[Records excerpted from a collection]
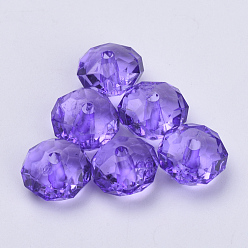Violet Bleu Perles acryliques transparentes, facette, rondelle, bleu violet, 22x15mm, trou: 3 mm, environ 135 pcs / 500 g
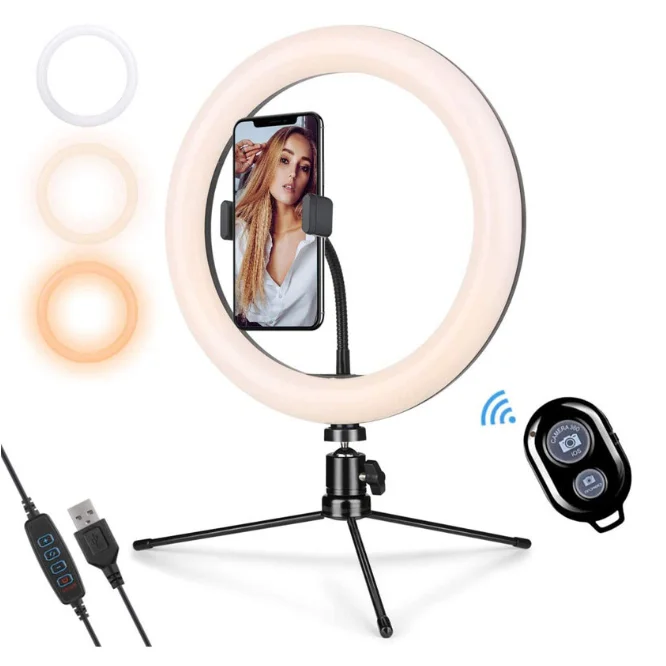 Lighting Mode Dimmable Remote Control Rechargeable LED Selfie Ring Light New 10'' Inch 3 Colors Bi-color 3200K-5600K RECH ROHS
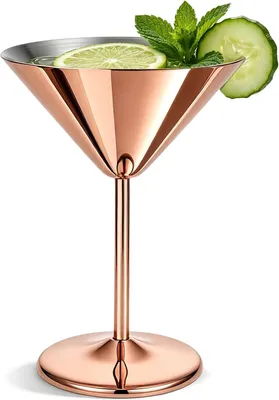 Imagen del producto de Vasos de martini de acero inoxidable, resistentes a roturas, de 240 ml, ideales para fiestas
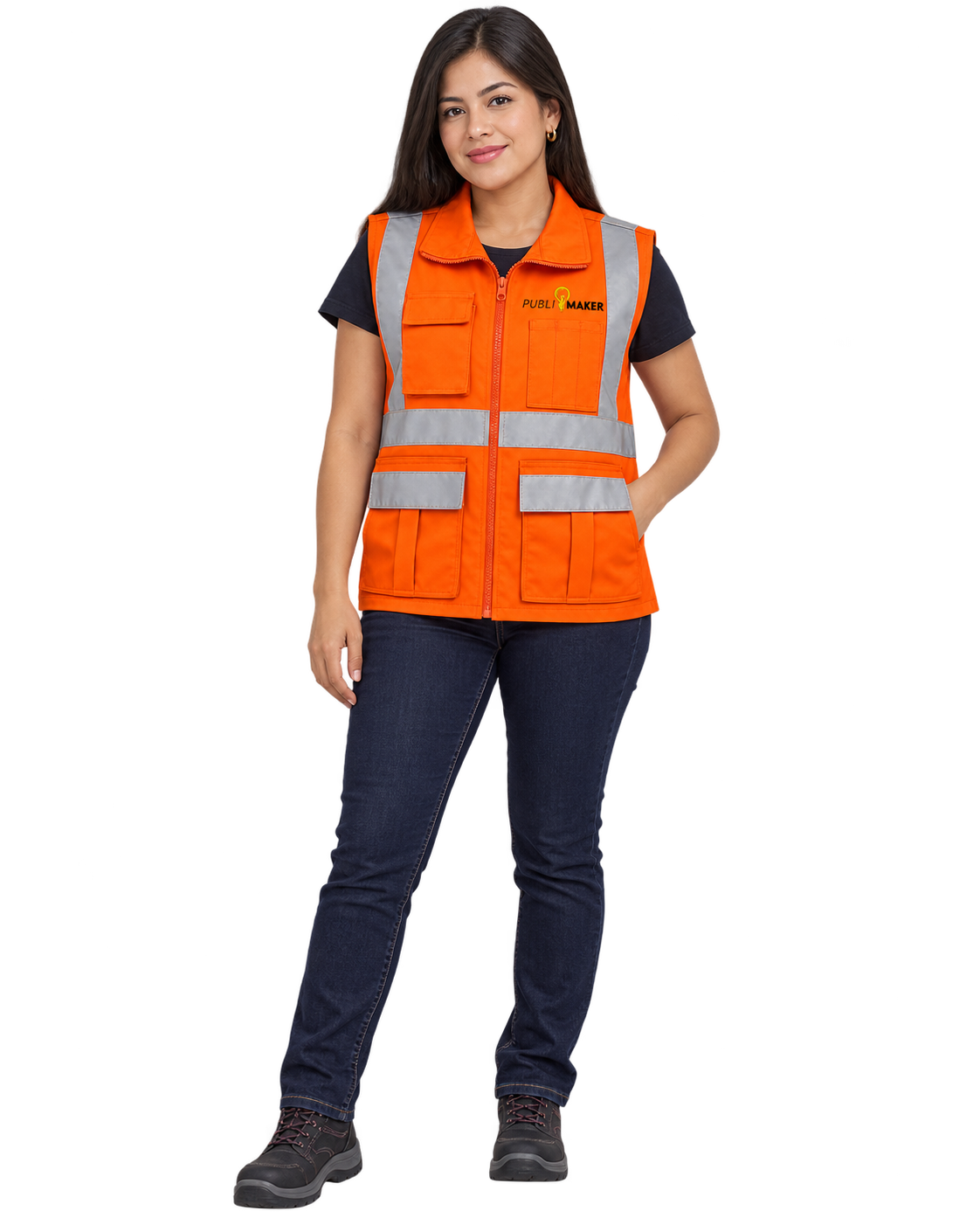 Chaleco Reflectivo puesto por mujer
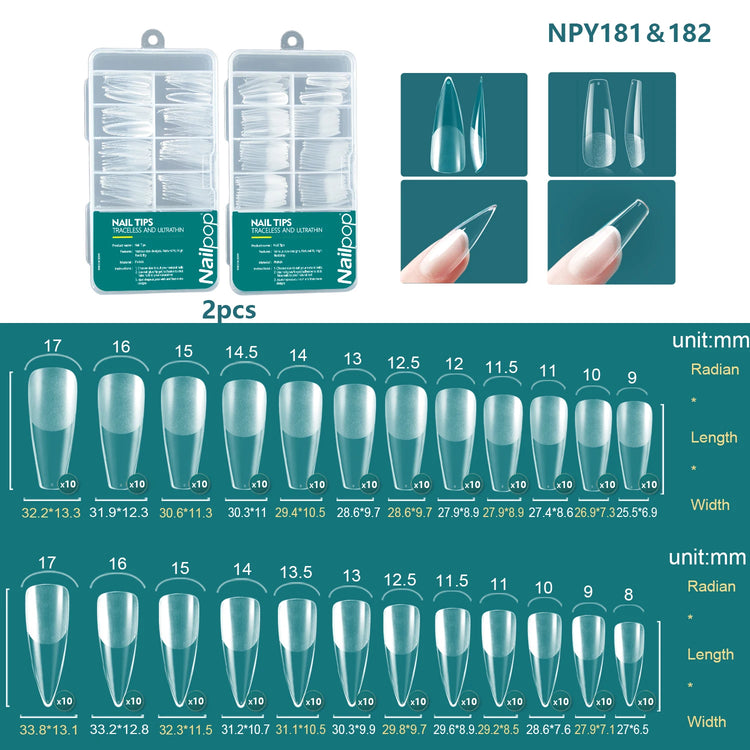 Nailpop 120pcs Acrylic Nails Fake Capsule Short Almond Coffin Square Artificial Nail Extension Soft Gel Tips Accessories Tools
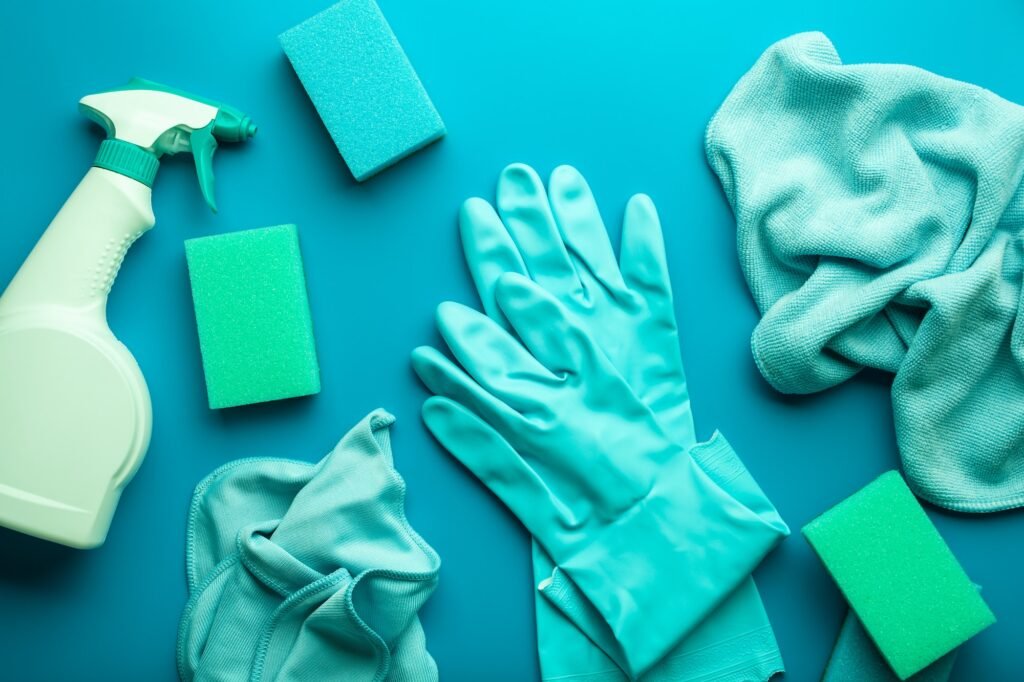 cleaning products household chemicals spray brush sponge glove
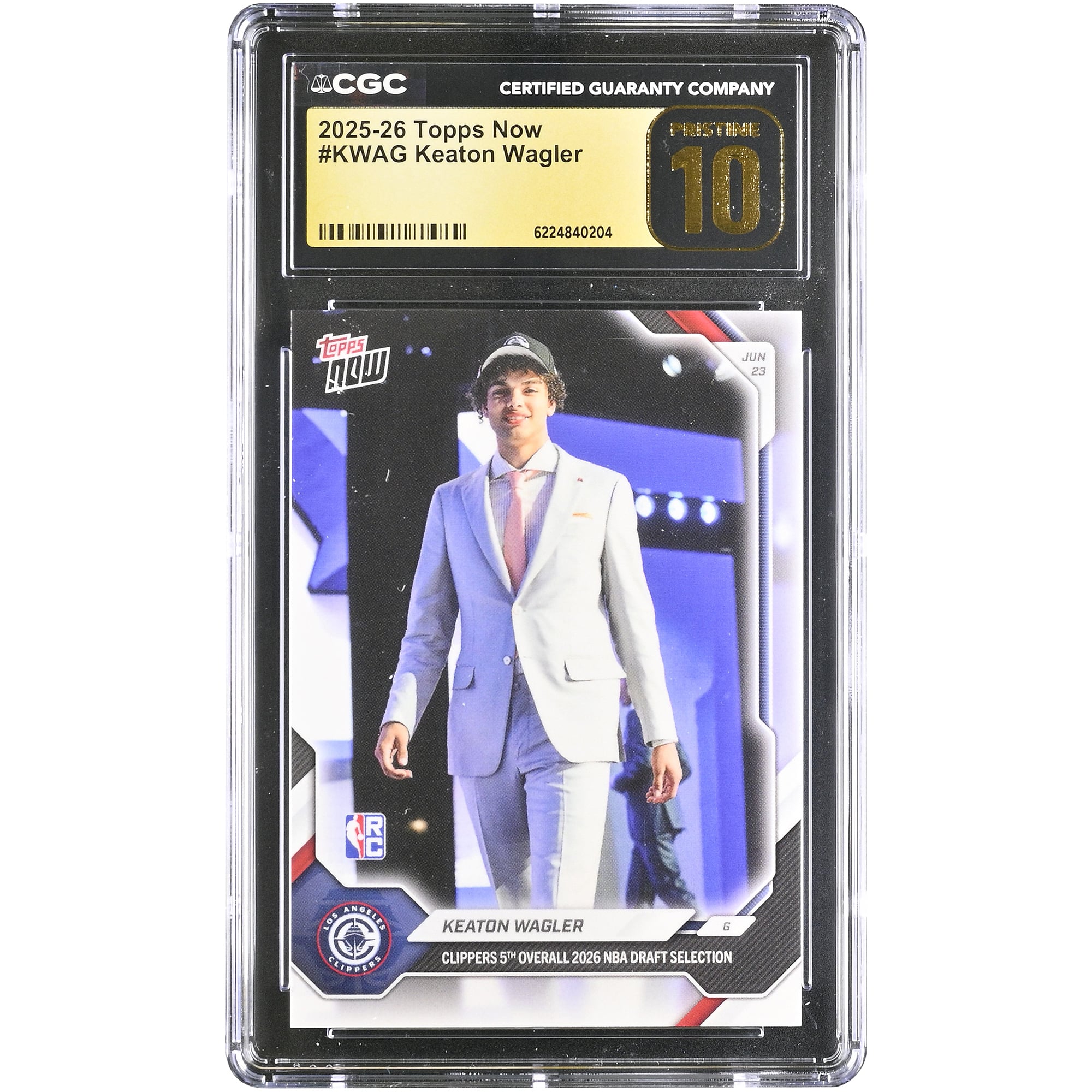 Carte de recrue Keaton Wagler LA Clippers 2025-26 Topps Now Clippers, 5e choix au total de la draft NBA 2026 #KWAG, authentifiée CGC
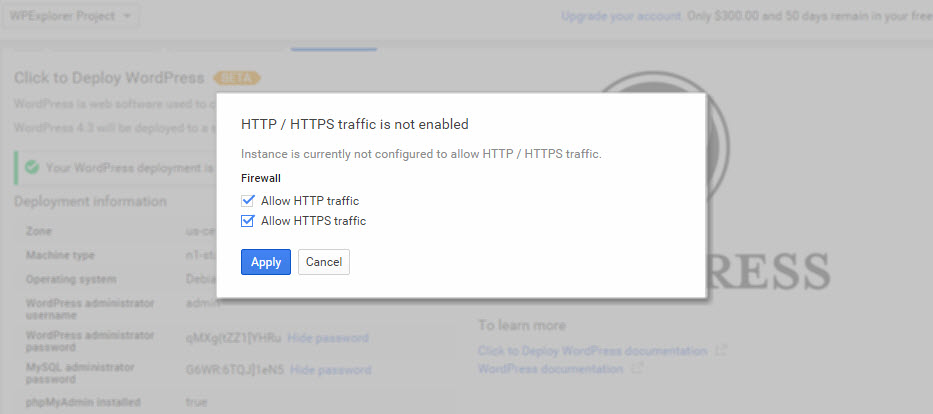 google-cloud-wordpress-013-wordpress autorise le trafic https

* **WORK INSTRUCTIONS**
All entries need repeating exactly, but without the pictures.

* **RESULT**
Violet Bleu Perles acryliques transparentes, facette, rondelle, bleu violet, 22x15mm, trou: 3 mm, environ 135 pcs / 500 g
 Lighting Mode Dimmable Remote Control Rechargeable LED Selfie Ring Light New 10'' Inch 3 Colors Bi-color 3200K-5600K RECH ROHS
 Imagen del producto de Vasos de martini de acero inoxidable, resistentes a roturas, de 240 ml, ideales para fiestas
 Chaleco Reflectivo puesto por mujer
 Nailpop 120pcs Acrylic Nails Fake Capsule Short Almond Coffin Square Artificial Nail Extension Soft Gel Tips Accessories Tools
 cleaning products household chemicals spray brush sponge glove
 Carte de recrue Keaton Wagler LA Clippers 2025-26 Topps Now Clippers, 5e choix au total de la draft NBA 2026 #KWAG, authentifiée CGC
 google-cloud-wordpress-013-wordpress autorise le trafic https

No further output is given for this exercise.